Auch regional treten deutliche Unterschiede zutage. In Wien gab es 500 offene Stellen und fast 3.000 Lehrstellensuchende, in Salzburg hingegen gab es doppelt so viele offene Stellen wie potenzielle Lehrlinge, wie Abbildung 7 zeigt. Seit dem Jahr 2009 erhalten auch immer mehr Lehrlinge ihre Ausbildung in einer überbetrieblichen Lehrwerkstätte. Diese Option wird vom AMS all jenen Lehrstellensuchenden angeboten, die keine geeignete Ausbildungsstelle finden oder eine Lehre abgebrochen haben. Einerseits finden also Personen aufgrund des ”Mismatch” keine Lehrstelle, andererseits gibt es auch Branchen, wo sich freie Plätze und Lehrstellensuchende rein zahlenmäßig die Waage halten. Dafür treten andere Diskrepanzen auf: Die offenen Lehrstellen sind zu weit vom Wohnort entfernt oder Kandidaten für eine Lehrstelle entsprechen aus bestimmten Gründen nicht den Anforderungsprofilen der Lehrplätze. Beispielsweise weisen die Kandidaten nicht die erforderlichen Grundkenntnisse wie Lesen, Schreiben oder Rechnen auf. Ein Problem, das bereits länger bekannt ist: ”Doch immer öfter beklagen Lehrherren die mangelnde Qualifikation der Lehrlinge, so auch Gastronom Günther Hager aus Linz.”[3] Seit Jahren klagen Betriebe über Schwierigkeiten, geeignete Bewerber für freie Lehrstellen zu finden.

Offene Lehrstellen und Lehrstellensuchende nach Bundesländern

Abbildung 7. Quelle: AMS.

In einer empirischen Erhebung aus dem Jahr 2009 ist das Institut für Bildungsforschung der Wirtschaft den Ursachen dafür aus der Sicht der ausbildenden Betriebe nachgegangen.[4] Für mehr als 50 Prozent der Betriebe liegt das Hauptproblem darin, dass die Bewerber als zu wenig geeignet erscheinen.

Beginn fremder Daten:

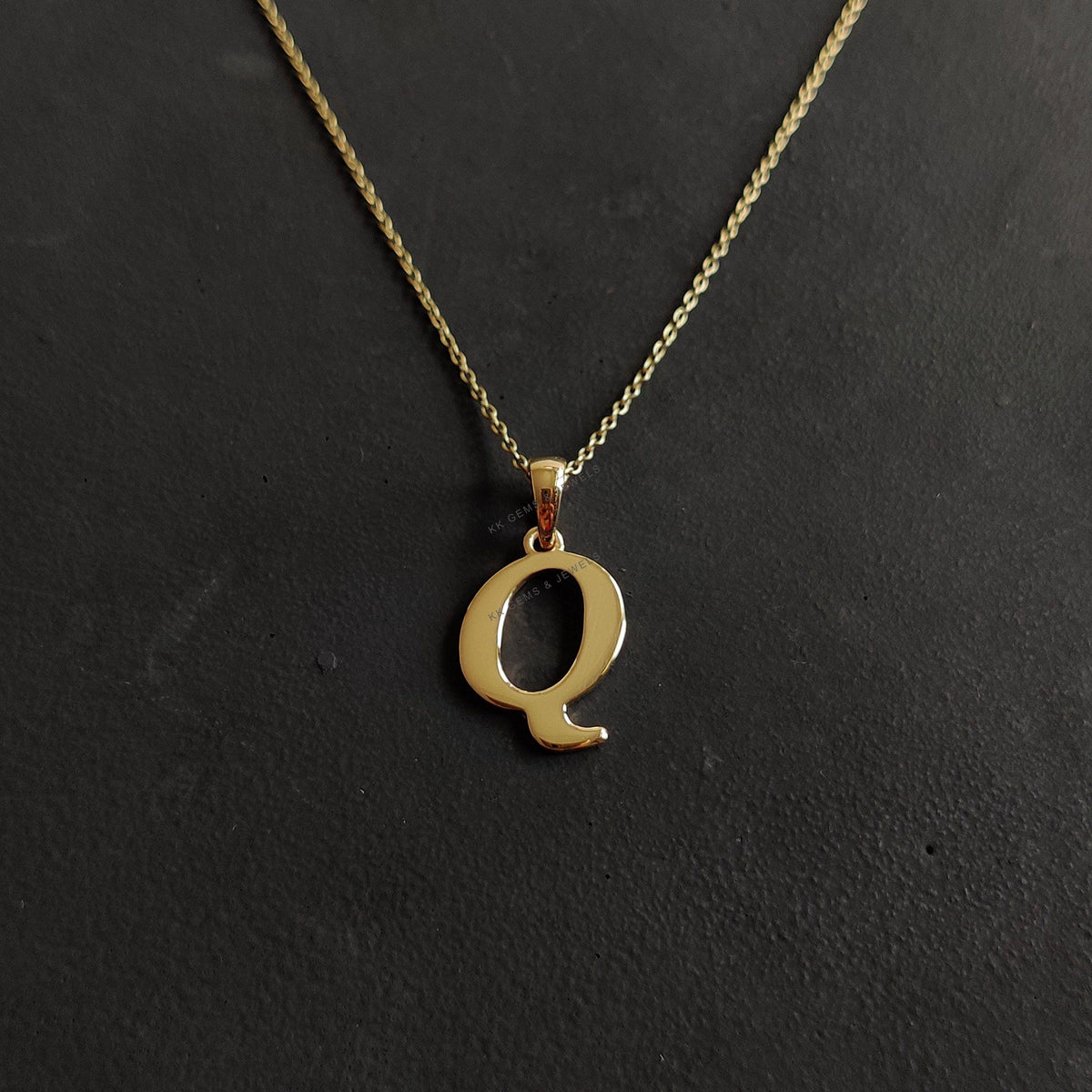 14K Solid Gold Initial Q Pendant, Personalized Charm
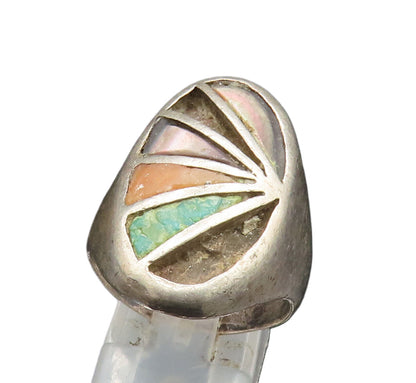 ZUNI NAVAJO 925 Silver  Vintage Turquoise Abalone Signet Ring Sz 10  RG24751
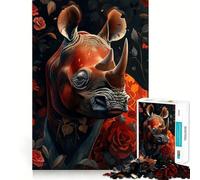 Puzzle 1000 pièces Rhino, Mon ami Rigolo pour Adolescents renforce la mémoire, Divertissement paisible, Bords de qualité, (38x26cm)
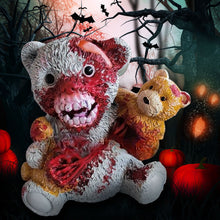 Load image into Gallery viewer, Resin Halloween Bear Plush Horror Bear Ornament Halloween Bloody Bear Halloween Party Home Garden Decoration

Daher werden bereits fast 10 Prozent der Lehrlinge vom AMS ausgebildet. Nach einer Schätzung vom Österreichischen Institut für Berufsbildungsforschung aus dem Jahr 2009 betragen die Kosten der Ausbildung fast das Dreifache der Kosten einer Ausbildung in einem Betrieb (16.425 Euro jährlich zu 6.392 Euro).

 


Fußnoten

  1. Siehe ”Die Presse” vom 03.10.2011.
  2. Siehe DiePresse.com vom 01.09.2016.
  3. Siehe ORF OOe vom 03.11.2015.
  4. Dornmayr (2010)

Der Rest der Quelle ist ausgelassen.